The must-do’s are the meat of the course, so we don’t want to rush through or overlook them. It’s always worth doubling back to refine core-skill development, even if that means getting through less content overall. We work with a diverse group of young people, so it’s important that we listen to and recognize the pace at which they learn. Sometimes this even means re-evaluating the attainability of our must-do’s, so long as we really develop first-served fundamental skills. That kind of feedback is essential to us as facilitators and helps us better refine content in the future.

Can-do’s encompass all the learning we hope to happen within a course. Almost every time we offer a course, the sum of the can-do’s are far greater than youth or staff capacity, and that’s okay! It’s always better to have too much, rather than too little content to deliver. Having these goals pushes us because there’s always more to learn and accomplish. This is especially true for youth that learn quickly or have pre-developed skills in a given subject area. Rather than trudge through content that they’ve already mastered, we can activate them with additional challenges. When youth are exceptionally skilled and hit even these higher bars, we adapt their role within the classroom to assist others. We pair youth based on skill and personality to further develop a culture of peer-learning.
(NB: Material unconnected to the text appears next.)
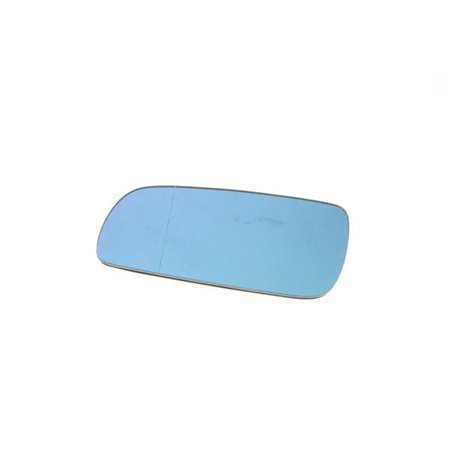 6102-02-1237127P Mirror Glass, exterior mirror BLIC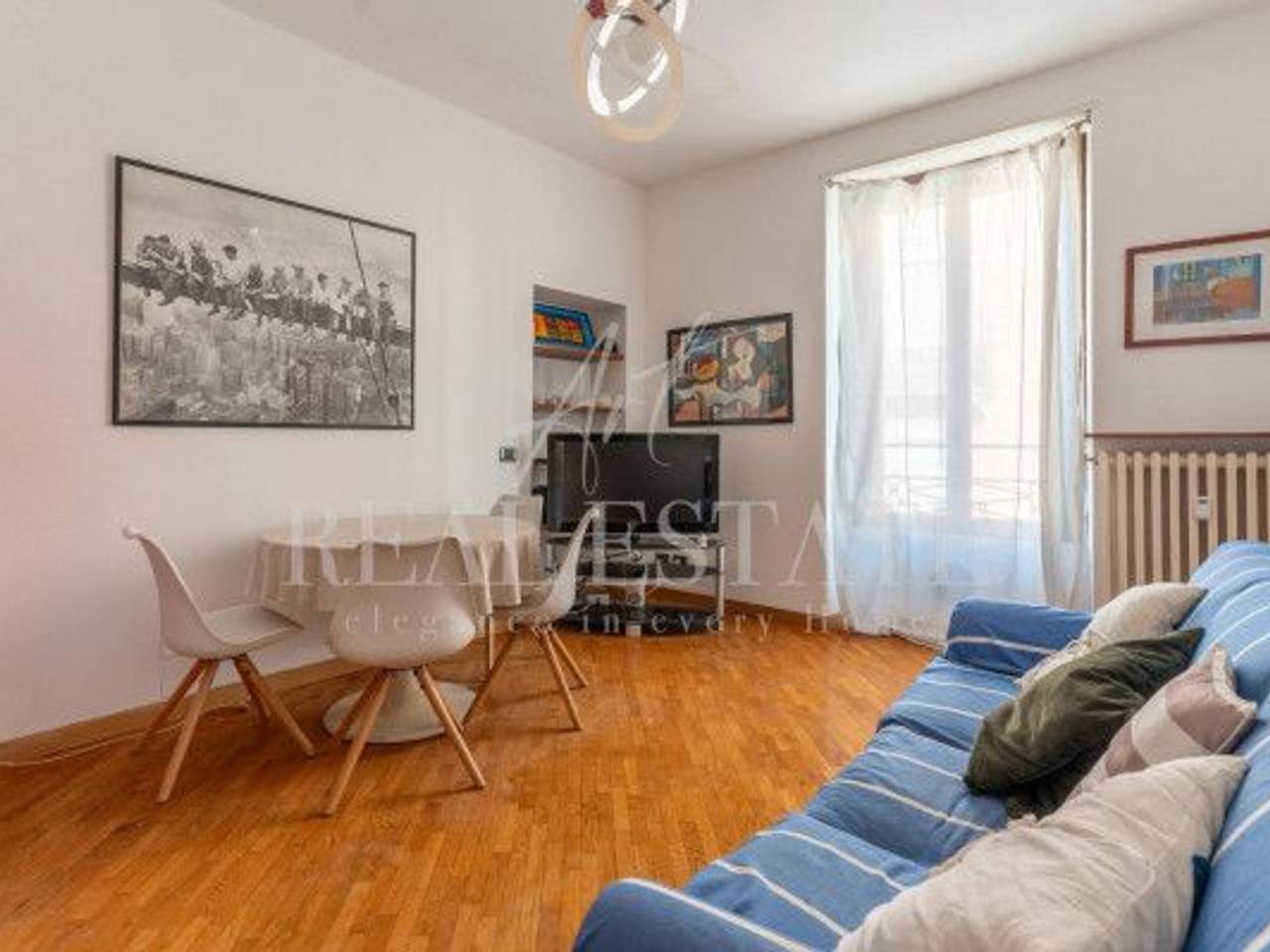 appartamento in affitto a Milano in zona Cadorna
Again, we’re looking to create courses that drive learning in practical and sustainable ways. Can-do’s are usefully outlined as the content that can most easily be moved around because it shouldn’t impact fundamental understanding of core concepts. Furthermore, we don’t despair when we don’t get to everything! This leftover content becomes the starting point for next-level courses in these subject areas. We view our youth courses under the lens of research and development. With this frame of reference, adjusting our content per youth needs does not qualify as failure; it’s data that informs our decisions going forward!

Concluding Thoughts

Most of the world looks to a person as an expert when they can verify their knowledge in some tangible way. For some, this may mean having a degree, certificates, or specific professional accomplishments. If you looked at DHF through that lens, many of us would be experts in something other than what we teach. None of that discounts the learning we’ve done in the years since the organization was founded. Have we gained tremendous insight into ways to serve our youth and community? Absolutely. Do we have more experience and information than the average person with tools and technology? Most likely. Does this make us experts? We don’t think so.

To say we’re experts feels more terminal than any of us are comfortable with. Deeply rooted in our organizational culture is the mantra “always be learning.” This means that at no point do any of us arrive at the destination of figuring anything out completely. Particularly when it comes to technology as the ground is constantly shifting underneath us.

Any success we’ve had has come because we are comfortable with this fluidity. We firmly believe that adopting this mindset may allow others to build staff capacity and community.